- Box art
- Developer(s): Sculptured Software
- Publisher(s): Electro Brain
- Designer(s): Joe Hitchens
- Programmer(s): Ken Moore
- Artist(s): Joe Hitchens
- Composer(s): Paul Webb
- Platform(s): NES
- Release: NA: October 1992;
- Genre(s): Action-adventure
- Mode(s): Single-player

= Stanley: The Search for Dr. Livingston =

1992 video game

Stanley: The Search for Dr. Livingston (after "David Livingstone") is a side-scrolling action-adventure game developed by Sculptured Software and released in 1992 by Electro Brain for the Nintendo Entertainment System. It appeared in one of the first 50 issues of Nintendo Power magazine.

==Summary==

Stanley tries to fight a cheetah with his bare hands.

The game takes place in the "deepest and darkest" part of Africa during the year 1871. Nations were sending their explorers to uncover the last remaining continent that was not fully mapped by the European superpowers. Dr. Livingston abandoned his original quest to uncover the temple of Am-Zutuk; who was worshipped as a god amongst the indigenous African people. The magic inside this temple is believed to grant its founder amazing wisdom and power. Ghosts and demons haunt the temple making it a tricky venture for any explorer.

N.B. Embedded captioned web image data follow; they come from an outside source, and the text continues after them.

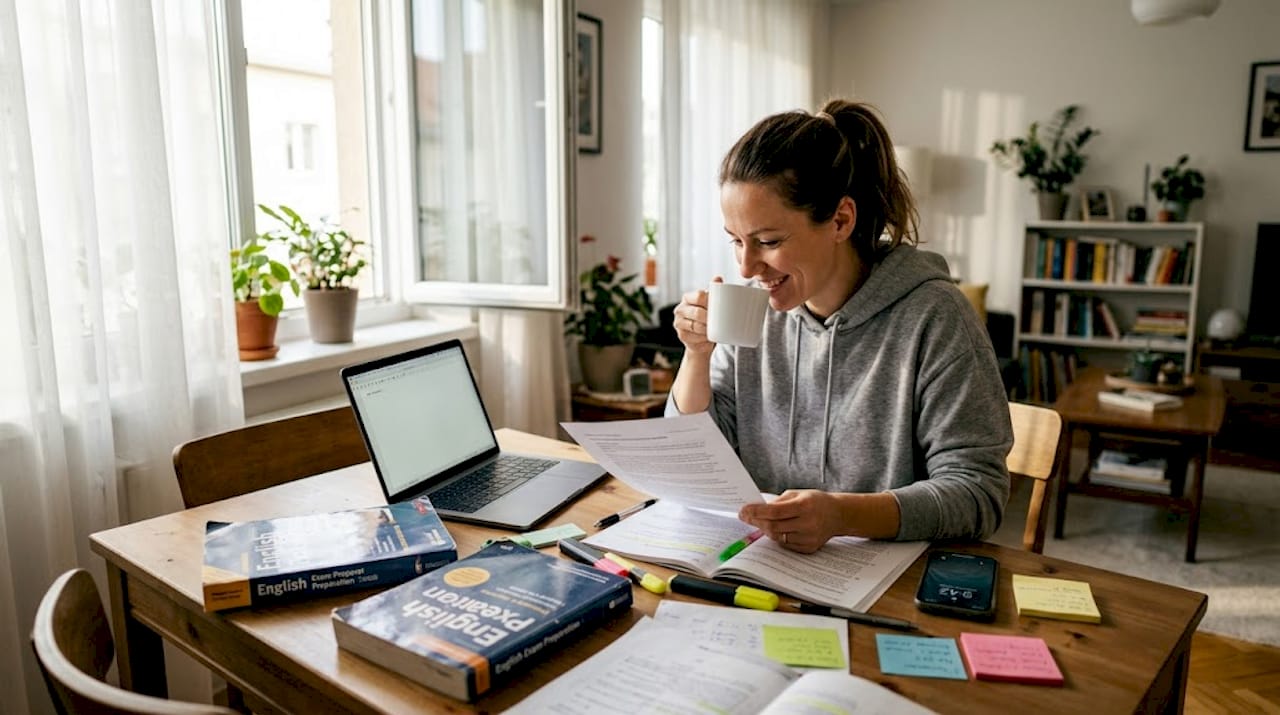 Teacher preparing for English exam at home table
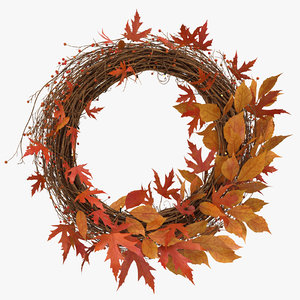3D model autumn wreath 02
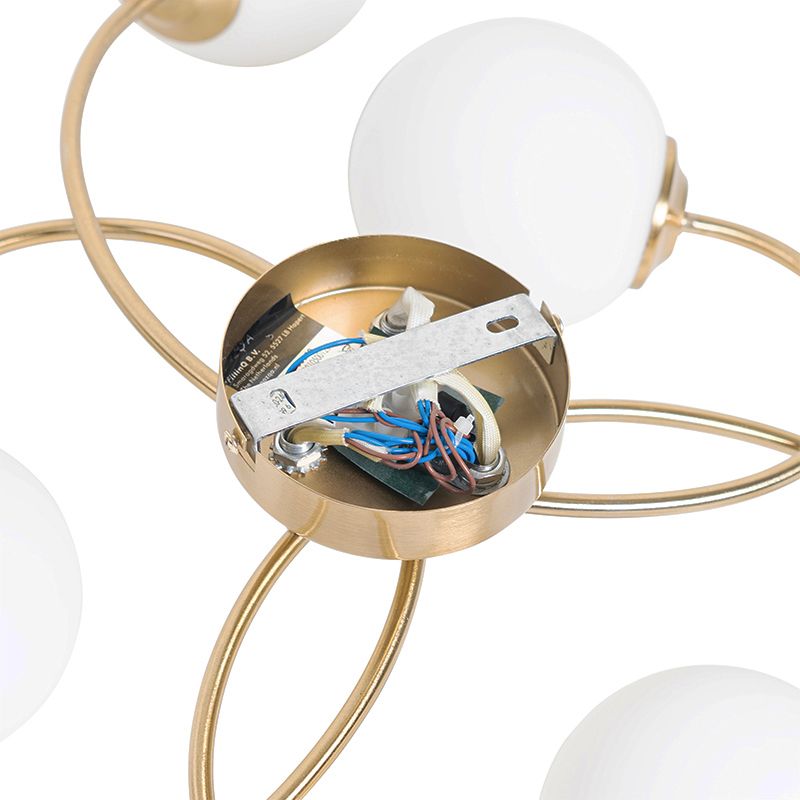 Moderne plafondlamp goud met opaal glas 6-lichts  - Athens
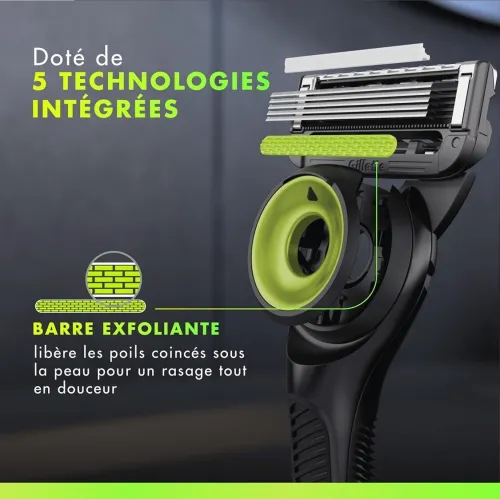 Gillette Labs Rasoir Pour Homme, 5 Lames,  Edition Neon Night - Avec Barre Exfoliante, Produit d'Origine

The player, as reporter Henry Morton Stanley (after Sir Stanley, 1841-1904), is exploring the last of the mysterious jungle regions for European colonization when his professor, Dr. Livingston (patterned after Dr. David Livingstone, with an ending "e"), gets kidnapped by some African tribesmen. Now the player must explore one of the last uncharted parts of Africa to save his mentor and end an era of exploring Africa. The player is automatically equipped with a gyrocopter to make those tricky landings much smoother.

One of the mentioned places in Africa is Port Harken, which appears as an important "town" level in the game.